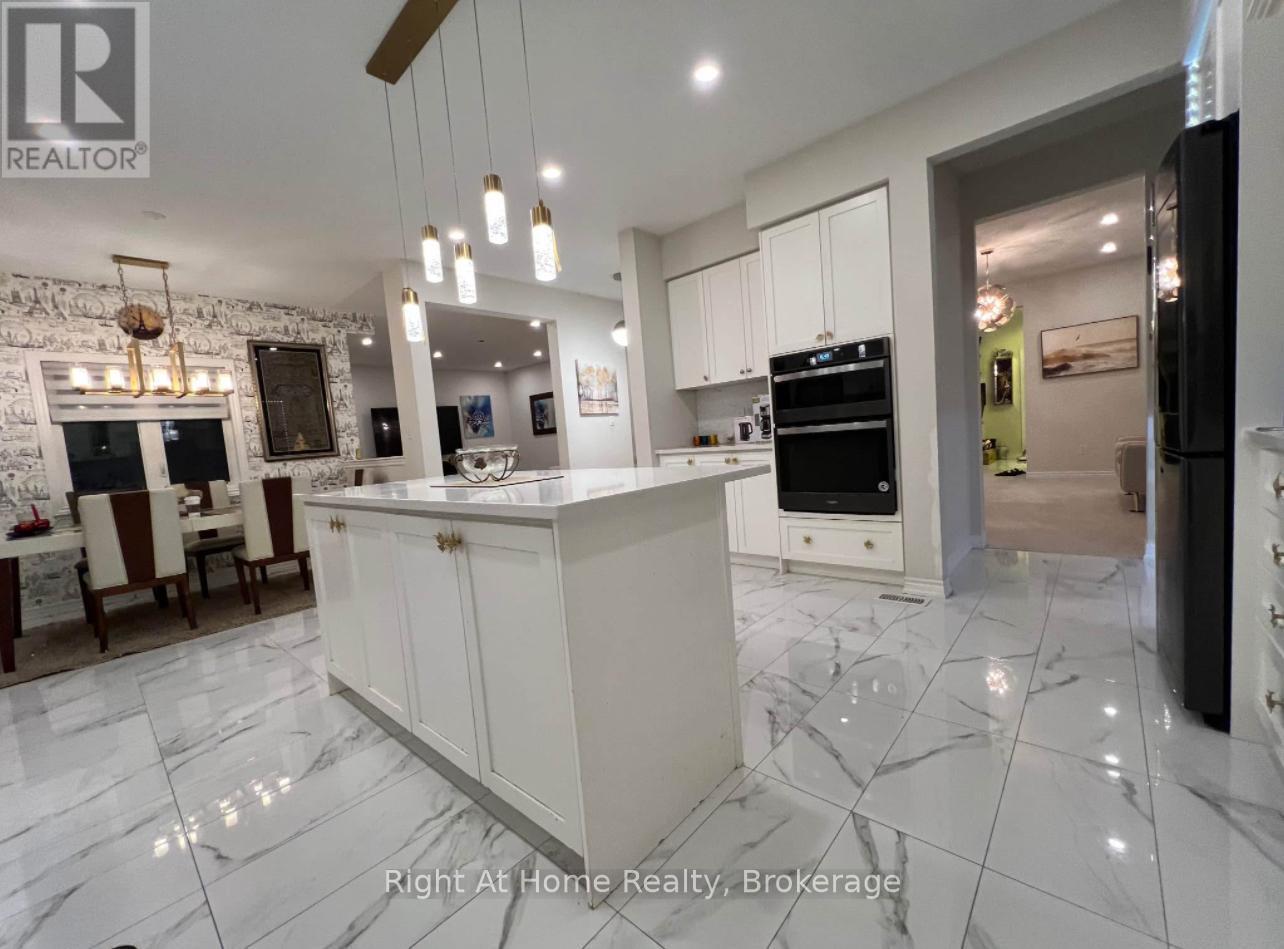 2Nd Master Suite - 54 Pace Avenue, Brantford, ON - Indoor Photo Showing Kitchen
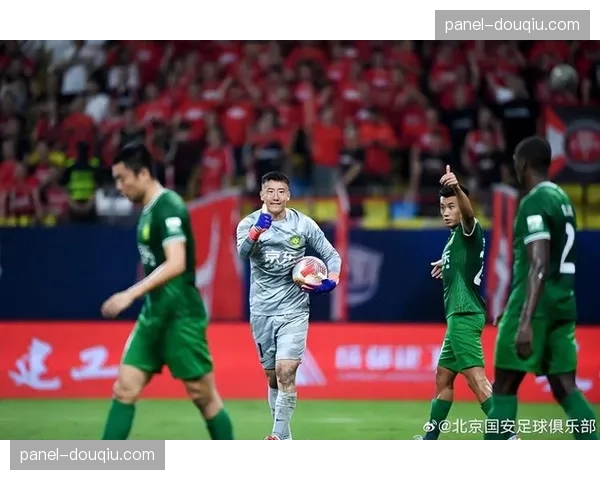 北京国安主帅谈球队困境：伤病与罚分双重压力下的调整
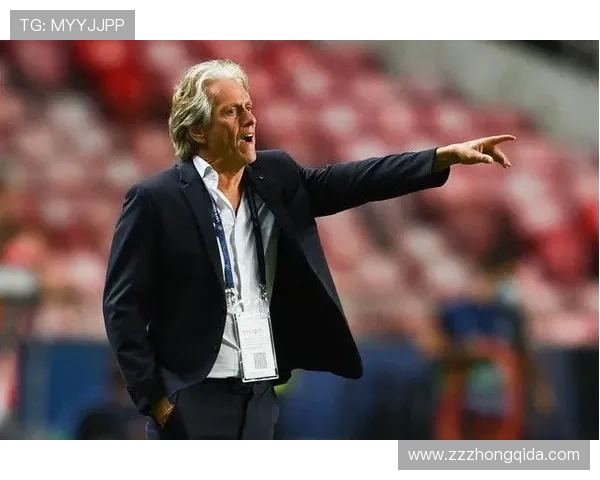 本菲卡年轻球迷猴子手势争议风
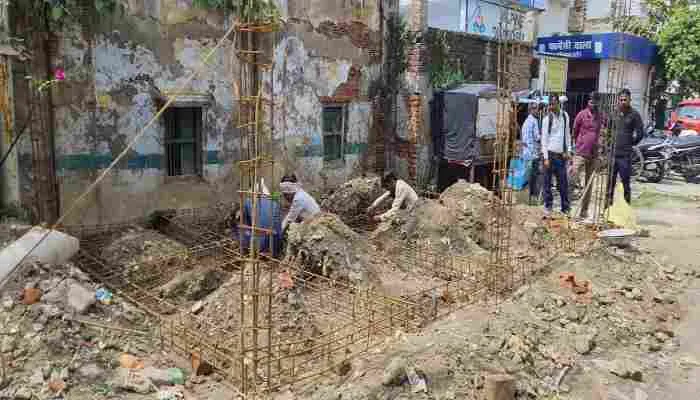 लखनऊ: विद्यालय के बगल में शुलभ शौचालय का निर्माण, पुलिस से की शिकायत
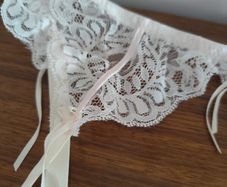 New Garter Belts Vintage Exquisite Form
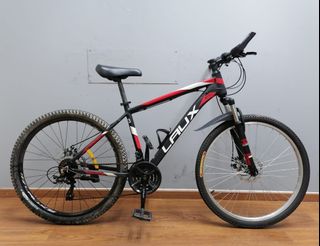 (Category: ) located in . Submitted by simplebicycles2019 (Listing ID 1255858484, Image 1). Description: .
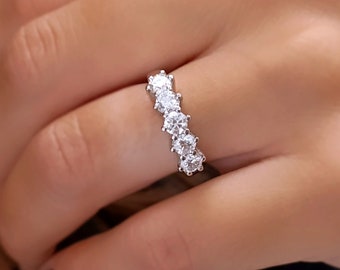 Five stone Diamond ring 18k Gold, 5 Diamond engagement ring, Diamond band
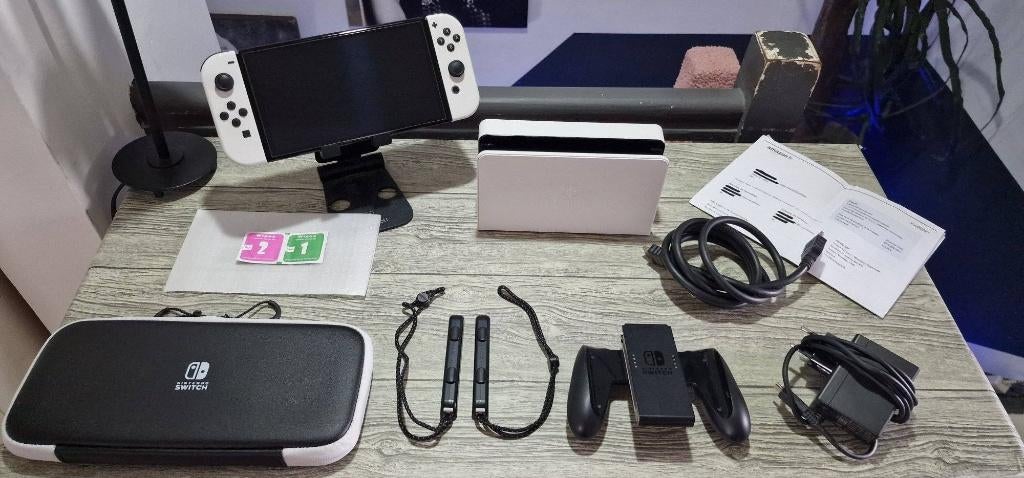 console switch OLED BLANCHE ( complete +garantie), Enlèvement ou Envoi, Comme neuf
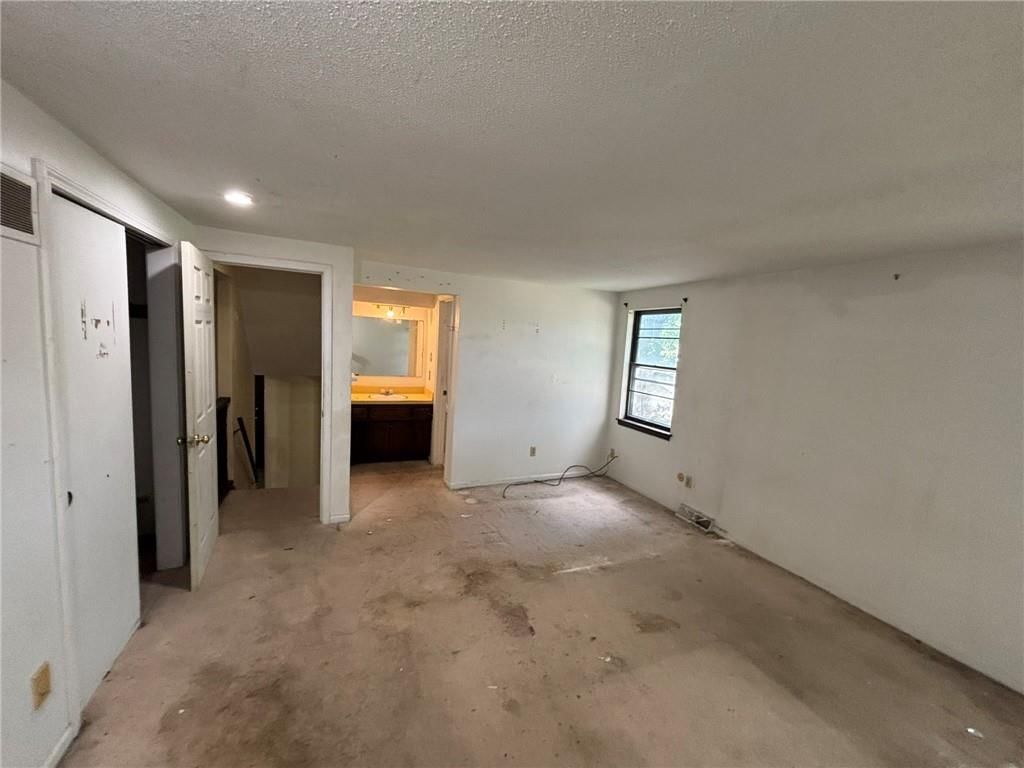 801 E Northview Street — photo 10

■ ■ ■

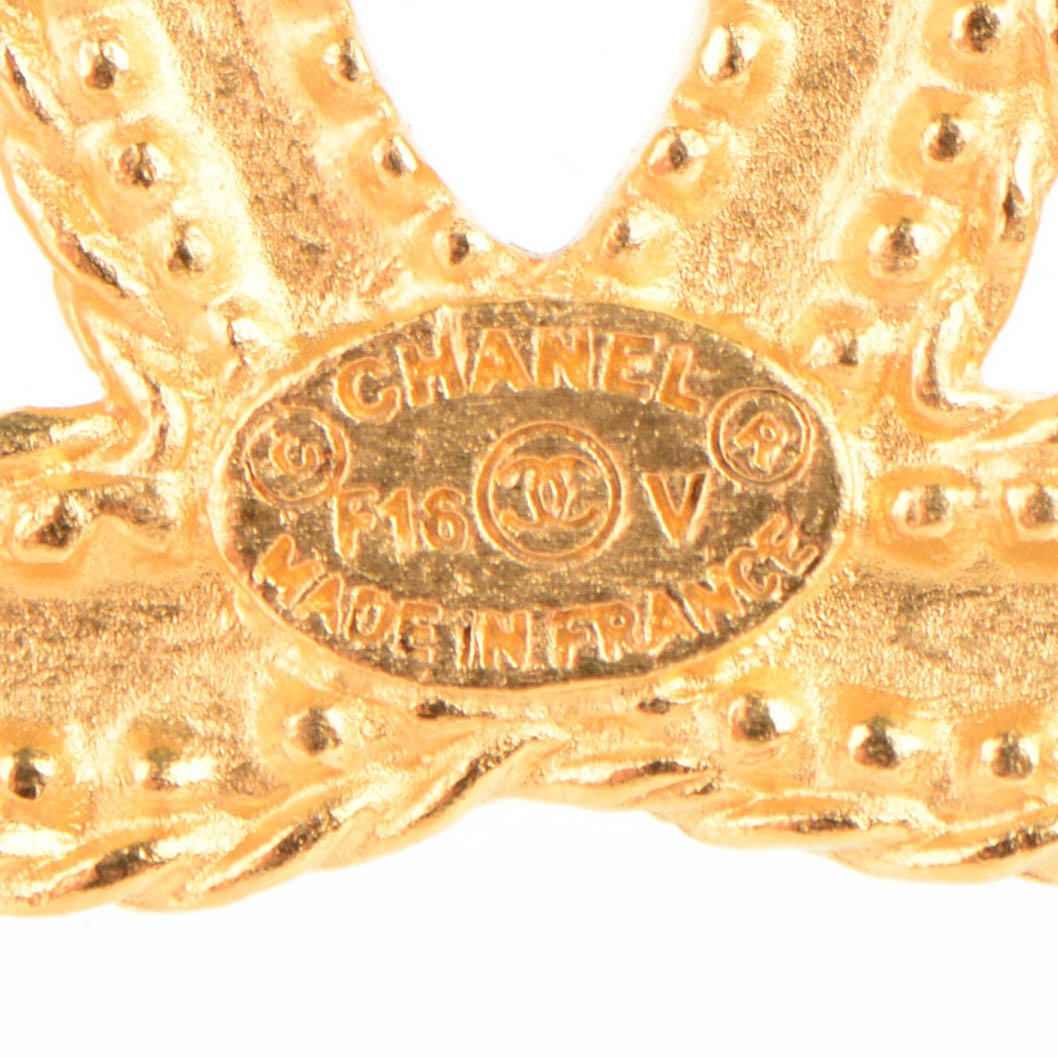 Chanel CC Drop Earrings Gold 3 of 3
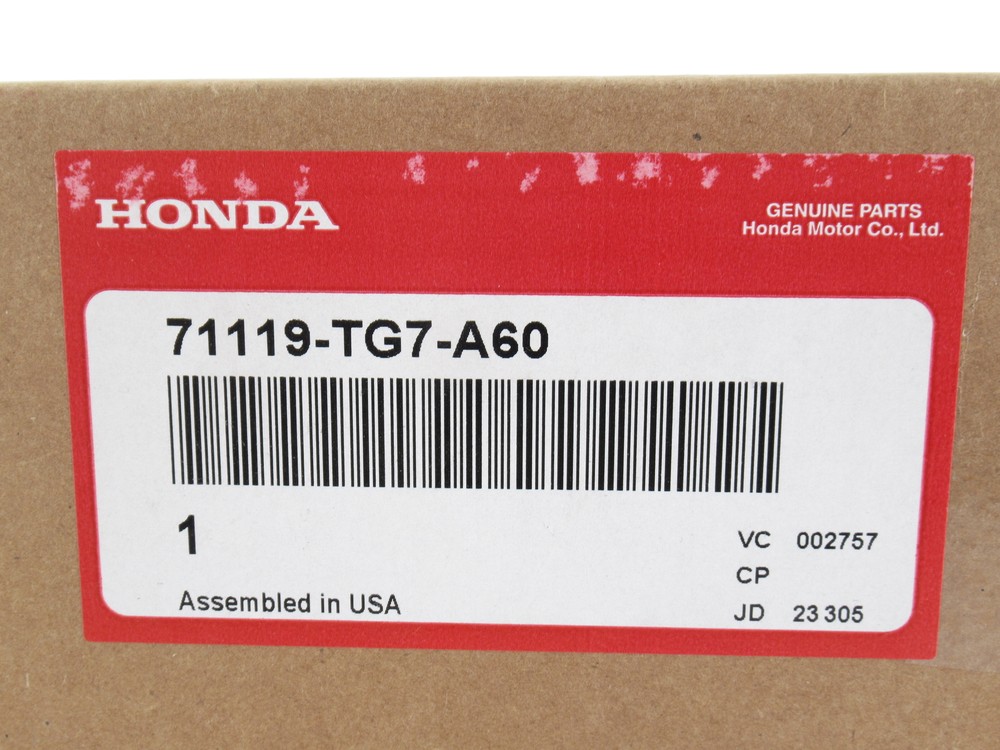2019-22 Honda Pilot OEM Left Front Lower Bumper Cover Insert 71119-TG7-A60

■ ■ ■

■ **What to do**
Go back to the listing above and write out the lines starting at the one with "Chanel CC Drop Earrings Gold 3 of 3" and ending at the one with "2019-22 Honda Pilot", inclusive, exactly and without pictures.

■ **Task answer**
 Chanel CC Drop Earrings Gold 3 of 3
2019-22 Honda Pilot OEM Left Front Lower Bumper Cover Insert 71119-TG7-A60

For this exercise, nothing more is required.